2. Segundo. Ustedes son sembradores de cambio. Aquí en
Bolivia he escuchado una frase que me gusta mucho: “proceso de cambio”. El
cambio concebido no como algo que un día llegará porque se impuso tal o cual
opción política o porque se instauró tal o cual estructura social.
Dolorosamente sabemos que un cambio de estructuras que no viene acompañado de
una sincera conversión de las actitudes y del corazón termina a la larga o a la
corta por burocratizarse, corromperse y sucumbir. Hay que cambiar el corazón.
Por eso me gusta tanto la imagen del proceso, los procesos, donde la pasión por
sembrar, por regar serenamente lo que otros verán florecer, remplaza la
ansiedad por ocupar todos los espacios de poder disponibles y ver resultados
inmediatos. La opción es por generar procesos y no por ocupar espacios. Cada
uno de nosotros no es más que parte de un todo complejo y diverso interactuando
en el tiempo: pueblos que luchan por una significación, por un destino, por
vivir con dignidad, por “vivir bien”, dignamente, en ese sentido.

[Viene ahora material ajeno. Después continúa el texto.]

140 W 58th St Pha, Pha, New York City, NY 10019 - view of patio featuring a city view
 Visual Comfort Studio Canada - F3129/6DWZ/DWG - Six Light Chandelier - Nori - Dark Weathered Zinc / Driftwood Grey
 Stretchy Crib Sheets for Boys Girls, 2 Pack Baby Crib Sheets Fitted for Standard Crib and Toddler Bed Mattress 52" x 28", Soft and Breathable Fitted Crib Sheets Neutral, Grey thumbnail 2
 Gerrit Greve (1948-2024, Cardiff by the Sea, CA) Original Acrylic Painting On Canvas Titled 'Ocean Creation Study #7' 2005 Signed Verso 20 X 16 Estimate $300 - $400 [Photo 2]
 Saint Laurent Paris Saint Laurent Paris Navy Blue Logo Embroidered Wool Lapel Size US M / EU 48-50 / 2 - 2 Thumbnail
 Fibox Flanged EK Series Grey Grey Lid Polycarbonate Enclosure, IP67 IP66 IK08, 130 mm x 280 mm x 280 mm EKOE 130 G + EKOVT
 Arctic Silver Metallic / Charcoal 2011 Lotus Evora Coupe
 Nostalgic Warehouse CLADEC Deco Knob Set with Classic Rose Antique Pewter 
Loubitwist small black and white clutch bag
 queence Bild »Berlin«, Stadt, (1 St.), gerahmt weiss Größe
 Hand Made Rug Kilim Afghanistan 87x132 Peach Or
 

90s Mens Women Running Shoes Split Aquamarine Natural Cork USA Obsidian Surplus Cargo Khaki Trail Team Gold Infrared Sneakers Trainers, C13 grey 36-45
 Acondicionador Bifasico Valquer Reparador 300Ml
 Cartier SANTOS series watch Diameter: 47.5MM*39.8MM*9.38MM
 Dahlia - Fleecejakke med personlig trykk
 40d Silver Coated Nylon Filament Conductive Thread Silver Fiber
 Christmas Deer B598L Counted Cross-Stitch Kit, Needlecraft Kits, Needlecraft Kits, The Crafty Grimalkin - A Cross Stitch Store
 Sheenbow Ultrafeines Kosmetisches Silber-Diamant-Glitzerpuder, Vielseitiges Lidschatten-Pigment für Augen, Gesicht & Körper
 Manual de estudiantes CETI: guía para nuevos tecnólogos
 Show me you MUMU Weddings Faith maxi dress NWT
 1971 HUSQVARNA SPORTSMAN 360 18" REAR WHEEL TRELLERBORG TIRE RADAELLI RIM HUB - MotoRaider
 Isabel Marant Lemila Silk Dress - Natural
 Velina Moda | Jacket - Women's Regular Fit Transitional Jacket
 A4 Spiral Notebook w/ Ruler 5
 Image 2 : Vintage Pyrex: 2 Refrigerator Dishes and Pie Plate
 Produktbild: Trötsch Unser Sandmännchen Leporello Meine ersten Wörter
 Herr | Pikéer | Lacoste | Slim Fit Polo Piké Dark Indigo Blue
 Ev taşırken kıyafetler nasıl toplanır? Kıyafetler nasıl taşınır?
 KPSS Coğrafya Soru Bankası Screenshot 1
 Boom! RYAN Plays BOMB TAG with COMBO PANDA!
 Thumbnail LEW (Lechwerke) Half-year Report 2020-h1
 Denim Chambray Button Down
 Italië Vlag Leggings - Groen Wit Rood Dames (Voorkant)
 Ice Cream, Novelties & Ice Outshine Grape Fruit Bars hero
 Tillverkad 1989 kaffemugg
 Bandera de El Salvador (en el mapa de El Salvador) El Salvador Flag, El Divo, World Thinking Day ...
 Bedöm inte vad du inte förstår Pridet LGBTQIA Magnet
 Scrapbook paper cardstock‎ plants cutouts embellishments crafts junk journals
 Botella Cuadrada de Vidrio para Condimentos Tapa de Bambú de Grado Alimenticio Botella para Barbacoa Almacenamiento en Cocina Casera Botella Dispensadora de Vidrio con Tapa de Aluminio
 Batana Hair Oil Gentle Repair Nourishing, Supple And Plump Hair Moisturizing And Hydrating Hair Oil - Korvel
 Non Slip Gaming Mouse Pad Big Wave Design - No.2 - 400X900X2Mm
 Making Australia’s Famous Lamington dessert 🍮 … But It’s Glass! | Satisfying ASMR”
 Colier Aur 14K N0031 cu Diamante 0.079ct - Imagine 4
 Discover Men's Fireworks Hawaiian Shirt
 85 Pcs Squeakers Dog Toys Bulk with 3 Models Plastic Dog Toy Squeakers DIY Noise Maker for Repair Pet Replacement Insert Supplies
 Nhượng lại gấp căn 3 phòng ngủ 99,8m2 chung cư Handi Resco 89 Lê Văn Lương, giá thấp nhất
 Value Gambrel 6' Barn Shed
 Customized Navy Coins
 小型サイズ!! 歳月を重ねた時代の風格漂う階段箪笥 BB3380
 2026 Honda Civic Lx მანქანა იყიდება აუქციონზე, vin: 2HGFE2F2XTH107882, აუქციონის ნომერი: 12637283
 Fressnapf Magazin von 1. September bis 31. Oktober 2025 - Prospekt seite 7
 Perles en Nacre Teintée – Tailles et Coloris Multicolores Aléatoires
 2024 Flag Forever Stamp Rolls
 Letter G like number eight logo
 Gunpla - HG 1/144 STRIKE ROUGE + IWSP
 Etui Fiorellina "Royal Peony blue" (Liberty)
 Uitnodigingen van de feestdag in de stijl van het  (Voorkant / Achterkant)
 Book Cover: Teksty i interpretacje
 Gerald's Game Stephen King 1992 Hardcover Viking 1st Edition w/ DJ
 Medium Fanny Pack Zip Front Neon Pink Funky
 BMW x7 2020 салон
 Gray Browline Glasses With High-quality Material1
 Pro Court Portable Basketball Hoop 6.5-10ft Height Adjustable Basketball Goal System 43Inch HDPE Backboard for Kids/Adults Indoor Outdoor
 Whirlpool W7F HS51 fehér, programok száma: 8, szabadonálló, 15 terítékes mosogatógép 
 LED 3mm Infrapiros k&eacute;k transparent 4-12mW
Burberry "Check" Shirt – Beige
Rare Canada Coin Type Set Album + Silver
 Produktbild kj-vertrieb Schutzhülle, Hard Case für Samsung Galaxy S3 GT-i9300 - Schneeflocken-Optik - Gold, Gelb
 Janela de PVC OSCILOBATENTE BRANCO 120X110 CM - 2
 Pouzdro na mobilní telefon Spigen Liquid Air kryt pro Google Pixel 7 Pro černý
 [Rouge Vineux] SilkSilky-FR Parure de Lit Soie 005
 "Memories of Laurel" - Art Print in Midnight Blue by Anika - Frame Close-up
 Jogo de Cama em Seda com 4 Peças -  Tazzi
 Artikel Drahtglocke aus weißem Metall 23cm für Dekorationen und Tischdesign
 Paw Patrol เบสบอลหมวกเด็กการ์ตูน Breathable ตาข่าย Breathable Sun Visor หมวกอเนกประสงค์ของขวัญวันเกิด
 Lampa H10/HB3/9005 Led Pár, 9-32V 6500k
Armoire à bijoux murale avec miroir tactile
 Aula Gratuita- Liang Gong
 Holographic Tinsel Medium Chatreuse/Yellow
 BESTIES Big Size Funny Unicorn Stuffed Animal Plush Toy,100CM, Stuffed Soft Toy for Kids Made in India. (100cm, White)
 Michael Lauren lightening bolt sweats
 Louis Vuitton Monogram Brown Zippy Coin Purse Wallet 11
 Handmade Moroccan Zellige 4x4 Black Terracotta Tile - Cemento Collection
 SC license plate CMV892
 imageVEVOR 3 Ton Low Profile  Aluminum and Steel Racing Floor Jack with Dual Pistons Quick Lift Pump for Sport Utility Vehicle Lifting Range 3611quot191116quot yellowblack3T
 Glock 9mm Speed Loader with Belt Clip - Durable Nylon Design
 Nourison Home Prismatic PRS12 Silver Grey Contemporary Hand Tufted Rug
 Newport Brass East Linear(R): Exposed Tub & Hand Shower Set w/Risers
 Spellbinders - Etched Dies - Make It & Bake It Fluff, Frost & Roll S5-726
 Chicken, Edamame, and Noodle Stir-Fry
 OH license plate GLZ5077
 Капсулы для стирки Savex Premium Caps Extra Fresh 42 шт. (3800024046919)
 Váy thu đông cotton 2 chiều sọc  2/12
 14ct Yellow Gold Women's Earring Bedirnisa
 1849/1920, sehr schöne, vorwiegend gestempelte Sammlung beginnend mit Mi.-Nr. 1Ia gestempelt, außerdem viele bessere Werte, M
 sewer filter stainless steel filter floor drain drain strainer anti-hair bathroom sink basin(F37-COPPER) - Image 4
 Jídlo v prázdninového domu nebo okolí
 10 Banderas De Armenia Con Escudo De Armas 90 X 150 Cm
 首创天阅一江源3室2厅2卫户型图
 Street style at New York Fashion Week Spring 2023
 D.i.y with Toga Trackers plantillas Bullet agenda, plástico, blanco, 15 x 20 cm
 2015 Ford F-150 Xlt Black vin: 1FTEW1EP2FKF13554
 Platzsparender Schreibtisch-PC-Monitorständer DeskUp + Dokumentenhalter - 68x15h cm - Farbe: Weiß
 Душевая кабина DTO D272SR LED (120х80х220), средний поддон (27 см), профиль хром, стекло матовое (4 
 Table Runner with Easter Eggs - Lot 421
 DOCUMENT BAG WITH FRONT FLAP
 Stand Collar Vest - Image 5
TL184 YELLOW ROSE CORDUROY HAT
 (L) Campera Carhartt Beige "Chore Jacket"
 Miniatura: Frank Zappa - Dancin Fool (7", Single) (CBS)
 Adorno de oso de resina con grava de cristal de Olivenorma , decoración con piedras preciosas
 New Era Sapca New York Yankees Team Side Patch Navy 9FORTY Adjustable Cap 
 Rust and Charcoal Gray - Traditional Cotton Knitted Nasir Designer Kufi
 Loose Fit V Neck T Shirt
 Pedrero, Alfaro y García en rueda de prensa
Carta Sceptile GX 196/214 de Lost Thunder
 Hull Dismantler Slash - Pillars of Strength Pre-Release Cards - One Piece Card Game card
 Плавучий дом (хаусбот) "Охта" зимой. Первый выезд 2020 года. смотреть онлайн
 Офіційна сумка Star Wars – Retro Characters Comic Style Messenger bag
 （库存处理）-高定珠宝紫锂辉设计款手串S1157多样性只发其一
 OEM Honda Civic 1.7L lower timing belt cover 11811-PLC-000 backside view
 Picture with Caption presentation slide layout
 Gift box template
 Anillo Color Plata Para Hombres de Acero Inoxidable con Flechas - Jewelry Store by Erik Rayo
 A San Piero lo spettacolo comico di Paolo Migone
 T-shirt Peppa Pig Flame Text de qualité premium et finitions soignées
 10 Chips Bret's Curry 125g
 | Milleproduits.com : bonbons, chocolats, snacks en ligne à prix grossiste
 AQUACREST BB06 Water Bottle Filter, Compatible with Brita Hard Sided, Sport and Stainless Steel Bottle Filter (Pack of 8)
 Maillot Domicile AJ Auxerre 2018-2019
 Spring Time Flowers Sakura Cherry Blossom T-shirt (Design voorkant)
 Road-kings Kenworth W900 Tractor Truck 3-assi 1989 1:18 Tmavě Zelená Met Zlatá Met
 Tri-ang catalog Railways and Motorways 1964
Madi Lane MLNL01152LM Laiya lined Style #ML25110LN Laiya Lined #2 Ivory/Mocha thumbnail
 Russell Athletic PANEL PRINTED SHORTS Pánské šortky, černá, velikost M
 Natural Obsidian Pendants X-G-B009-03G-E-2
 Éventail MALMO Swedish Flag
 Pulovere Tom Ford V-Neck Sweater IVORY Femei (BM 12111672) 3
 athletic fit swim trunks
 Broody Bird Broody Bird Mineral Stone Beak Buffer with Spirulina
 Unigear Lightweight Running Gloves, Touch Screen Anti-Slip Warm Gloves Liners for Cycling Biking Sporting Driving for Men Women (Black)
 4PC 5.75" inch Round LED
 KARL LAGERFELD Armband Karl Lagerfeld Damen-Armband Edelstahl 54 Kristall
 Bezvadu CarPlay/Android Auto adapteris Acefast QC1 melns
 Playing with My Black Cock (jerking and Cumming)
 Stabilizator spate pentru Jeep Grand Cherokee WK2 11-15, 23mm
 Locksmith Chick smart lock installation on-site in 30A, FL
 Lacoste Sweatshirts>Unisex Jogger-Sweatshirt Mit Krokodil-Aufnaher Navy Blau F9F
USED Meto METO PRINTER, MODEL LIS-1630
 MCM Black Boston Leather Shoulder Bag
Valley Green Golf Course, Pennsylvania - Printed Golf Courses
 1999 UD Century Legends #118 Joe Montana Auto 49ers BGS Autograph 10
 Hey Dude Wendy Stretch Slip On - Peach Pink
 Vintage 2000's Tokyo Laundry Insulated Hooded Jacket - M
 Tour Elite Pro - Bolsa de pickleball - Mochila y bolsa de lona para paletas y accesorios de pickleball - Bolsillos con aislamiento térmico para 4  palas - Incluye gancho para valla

Ustedes, desde los movimientos populares, asumen las labores
de siempre motivados por el amor fraterno que se revela contra la injusticia
social. Cuando miramos el rostro de los que sufren, el rostro del campesino
amenazado, del trabajador excluido, del indígena oprimido, de la familia sin
techo, del migrante perseguido, del joven desocupado, del niño explotado, de la
madre que perdió a su hijo en un tiroteo porque el barrio fue copado por el
narcotráfico, del padre que perdió a su hija porque fue sometida a la
esclavitud; cuando recordamos esos “rostros y esos nombres” se nos estremecen
las entrañas frente a tanto dolor y nos conmovemos, todos nos conmovemos…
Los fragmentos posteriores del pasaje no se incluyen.